# Webradio abspielen



## Coder21 (21. Dez 2006)

Hi!

Ich bin noch ziemlicher Anfänger in Java und habe ein Spiel programmiert, bei dem ich gerne Hintergrundmusik abspielen möchte. Da es nicht immer die gleiche Musik sein sollte, habe ich mir überlegt, einfach z.B. bei Antenne Bayern das Webradio abzuspielen. Kann man das in einer Applikation realisieren?
Ich freue mich über jede Antwort!

PS: Wie gesagt, bin ich Anfäger und kenne mich nicht mit Internetprogrammierung aus.


mfg

Coder21


----------



## Coder 21 (23. Dez 2006)

Hat wirklich keiner eine Idee? :?:
Ich hab es schon mit einem einfachen Applet ausprobiert, was im Browser wunderbar funktioniert hat.
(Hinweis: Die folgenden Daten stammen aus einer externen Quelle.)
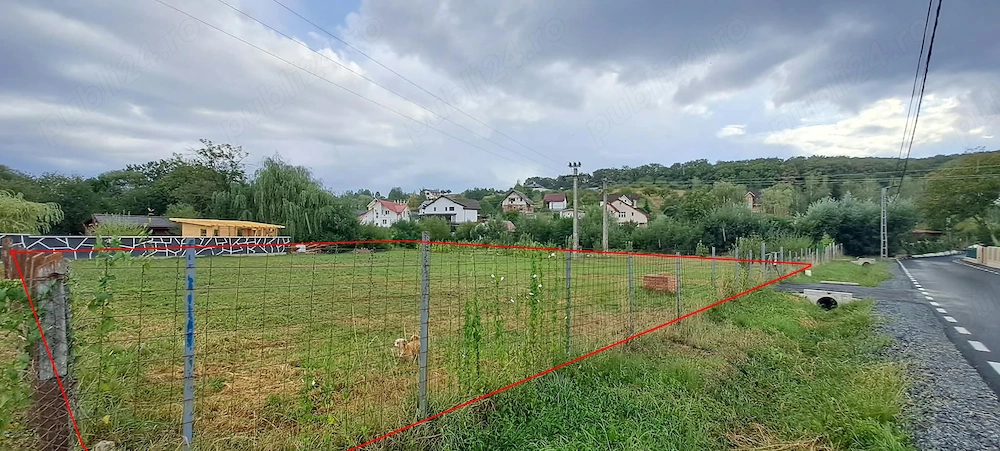 Teren 15,7 ari, front 40m, asfalt, utilități -  Ghinzii  - 9.500 E  - ar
Gibt es vielleicht eine Möglichkeit das HTML-Dokument vom Programm aus in den Browser zu laden und wieder zu schließen? ???:L
Ich wäre sehr dankbar für eine Antwort!

mfg

Coder 21


----------



## sebastian4gold (25. Dez 2006)

Einen Radiostream abzuspielen wird häufig an den Codecs scheitern, da die meisten für den WMP und den Realplayer sind - welche beide nicht von Java unterstützt werden.
Vll schaust du mal beim JMF (Java Media Framework) auf http://java.sun.com/products/java-media/jmf/.
Ansonsten würde ich dir raten, lizenzfreie mp3 Songs einzubauen - ist wesentlich leichter und auf jeden Fall rechtlich total abgesichert, was ja bei einem urheberrechtlichgeschützten Radiostream nicht ganz so geklärt ist.

Hoffe hilft dir!

Sebastian


----------